**** Data shown

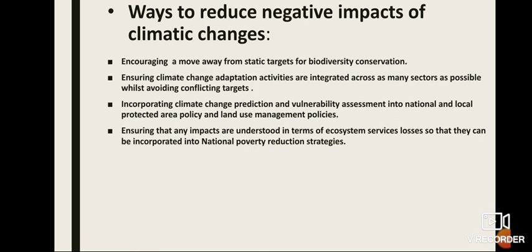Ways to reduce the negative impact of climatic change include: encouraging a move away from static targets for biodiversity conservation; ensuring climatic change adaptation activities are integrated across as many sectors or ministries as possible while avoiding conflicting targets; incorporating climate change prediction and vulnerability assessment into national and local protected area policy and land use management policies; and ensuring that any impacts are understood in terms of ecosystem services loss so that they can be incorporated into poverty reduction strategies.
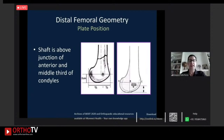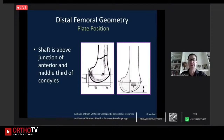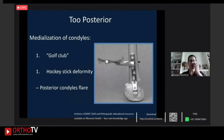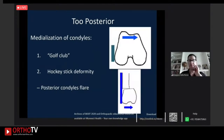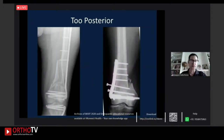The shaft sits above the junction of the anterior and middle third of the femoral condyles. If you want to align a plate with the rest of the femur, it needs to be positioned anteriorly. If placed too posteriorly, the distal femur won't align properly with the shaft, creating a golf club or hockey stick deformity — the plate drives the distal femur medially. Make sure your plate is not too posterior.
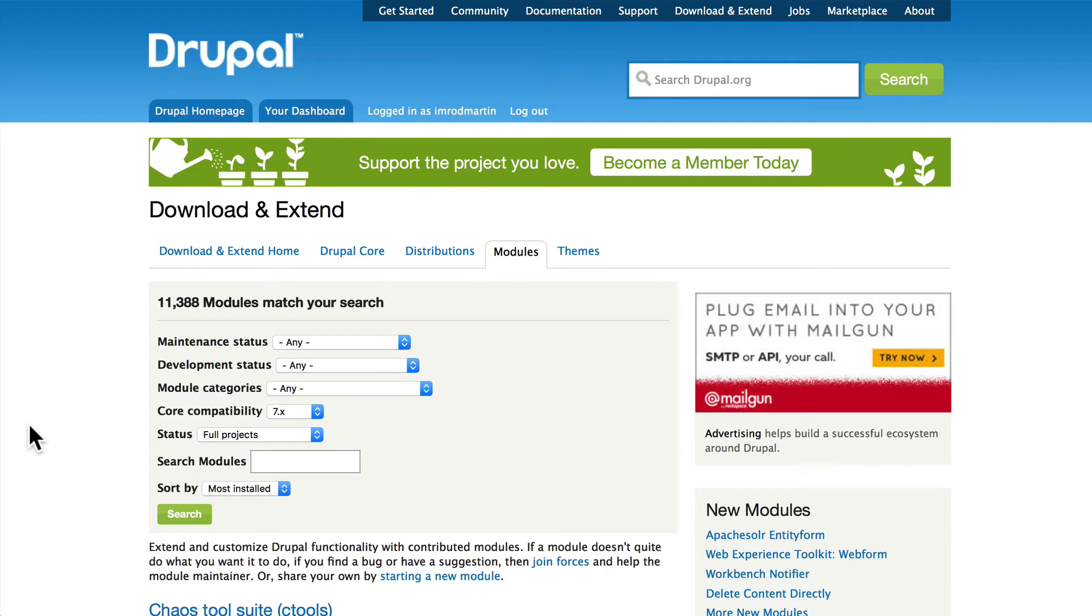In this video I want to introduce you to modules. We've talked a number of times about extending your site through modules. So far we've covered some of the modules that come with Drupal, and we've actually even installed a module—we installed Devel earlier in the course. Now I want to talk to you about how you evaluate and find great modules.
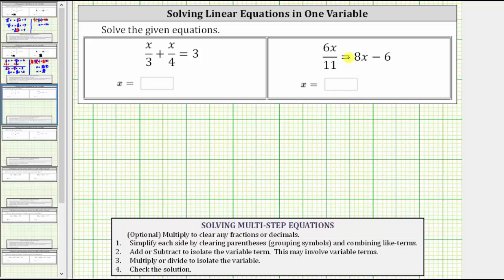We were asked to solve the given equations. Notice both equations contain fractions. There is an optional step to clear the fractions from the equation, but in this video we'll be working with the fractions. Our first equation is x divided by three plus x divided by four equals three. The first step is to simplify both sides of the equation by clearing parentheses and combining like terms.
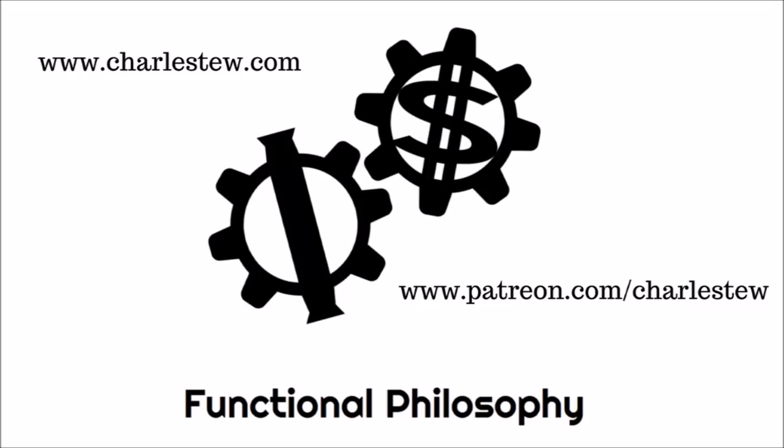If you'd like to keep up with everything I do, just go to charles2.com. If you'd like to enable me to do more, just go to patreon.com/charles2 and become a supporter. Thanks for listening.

********

§ **What you need to do**:
From the entries above, copy exactly the lines starting at the one with "The shaft sits" and stopping at the one with "We were asked", keeping both ends. Drop the pictures.

§ **Result**:
The shaft sits above the junction of the anterior and middle third of the femoral condyles. If you want to align a plate with the rest of the femur, it needs to be positioned anteriorly. If placed too posteriorly, the distal femur won't align properly with the shaft, creating a golf club or hockey stick deformity — the plate drives the distal femur medially. Make sure your plate is not too posterior.
In this video I want to introduce you to modules. We've talked a number of times about extending your site through modules. So far we've covered some of the modules that come with Drupal, and we've actually even installed a module—we installed Devel earlier in the course. Now I want to talk to you about how you evaluate and find great modules.
We were asked to solve the given equations. Notice both equations contain fractions. There is an optional step to clear the fractions from the equation, but in this video we'll be working with the fractions. Our first equation is x divided by three plus x divided by four equals three. The first step is to simplify both sides of the equation by clearing parentheses and combining like terms.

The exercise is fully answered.